>>>>>

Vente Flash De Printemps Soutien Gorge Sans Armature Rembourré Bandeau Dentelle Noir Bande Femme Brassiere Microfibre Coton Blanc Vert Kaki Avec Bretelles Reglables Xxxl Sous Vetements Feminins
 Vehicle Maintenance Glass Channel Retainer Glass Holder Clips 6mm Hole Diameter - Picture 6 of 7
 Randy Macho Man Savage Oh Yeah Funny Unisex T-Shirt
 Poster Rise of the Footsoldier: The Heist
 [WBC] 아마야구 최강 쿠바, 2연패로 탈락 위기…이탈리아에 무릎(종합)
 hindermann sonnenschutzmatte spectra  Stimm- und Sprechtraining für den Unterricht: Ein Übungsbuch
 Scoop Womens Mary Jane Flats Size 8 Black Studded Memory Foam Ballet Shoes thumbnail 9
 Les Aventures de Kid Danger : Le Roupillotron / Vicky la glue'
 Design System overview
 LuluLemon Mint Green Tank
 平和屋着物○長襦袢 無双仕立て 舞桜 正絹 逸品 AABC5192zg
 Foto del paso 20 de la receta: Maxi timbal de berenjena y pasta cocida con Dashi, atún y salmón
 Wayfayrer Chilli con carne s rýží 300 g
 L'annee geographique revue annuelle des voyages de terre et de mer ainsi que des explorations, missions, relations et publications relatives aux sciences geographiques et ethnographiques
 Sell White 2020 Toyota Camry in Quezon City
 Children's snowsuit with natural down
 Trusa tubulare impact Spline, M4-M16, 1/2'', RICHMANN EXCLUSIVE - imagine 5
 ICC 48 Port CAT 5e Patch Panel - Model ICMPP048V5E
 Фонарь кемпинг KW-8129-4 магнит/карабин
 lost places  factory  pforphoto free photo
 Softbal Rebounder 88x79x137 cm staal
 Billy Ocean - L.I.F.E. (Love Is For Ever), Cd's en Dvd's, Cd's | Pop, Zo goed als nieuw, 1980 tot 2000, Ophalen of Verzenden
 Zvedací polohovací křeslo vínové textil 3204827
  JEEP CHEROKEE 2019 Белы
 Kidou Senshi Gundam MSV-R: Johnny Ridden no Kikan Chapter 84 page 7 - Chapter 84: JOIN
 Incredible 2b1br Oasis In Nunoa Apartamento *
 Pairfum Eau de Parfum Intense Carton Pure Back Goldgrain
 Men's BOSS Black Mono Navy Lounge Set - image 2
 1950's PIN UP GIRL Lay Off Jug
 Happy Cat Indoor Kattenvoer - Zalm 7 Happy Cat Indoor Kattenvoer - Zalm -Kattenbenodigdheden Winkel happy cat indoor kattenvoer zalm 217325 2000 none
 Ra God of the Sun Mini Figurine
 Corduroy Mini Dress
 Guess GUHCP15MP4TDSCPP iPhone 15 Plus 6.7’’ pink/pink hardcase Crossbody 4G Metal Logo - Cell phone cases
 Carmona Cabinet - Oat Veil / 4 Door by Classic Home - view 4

<<<<<

YOUR INSTRUCTIONS ▸ Copy exactly, word for word, the line with "1950's PIN UP GIRL Lay Off Jug" through the final line of the listing.

OUTPUT ▸
 1950's PIN UP GIRL Lay Off Jug
 Happy Cat Indoor Kattenvoer - Zalm 7 Happy Cat Indoor Kattenvoer - Zalm -Kattenbenodigdheden Winkel happy cat indoor kattenvoer zalm 217325 2000 none
 Ra God of the Sun Mini Figurine
 Corduroy Mini Dress
 Guess GUHCP15MP4TDSCPP iPhone 15 Plus 6.7’’ pink/pink hardcase Crossbody 4G Metal Logo - Cell phone cases
 Carmona Cabinet - Oat Veil / 4 Door by Classic Home - view 4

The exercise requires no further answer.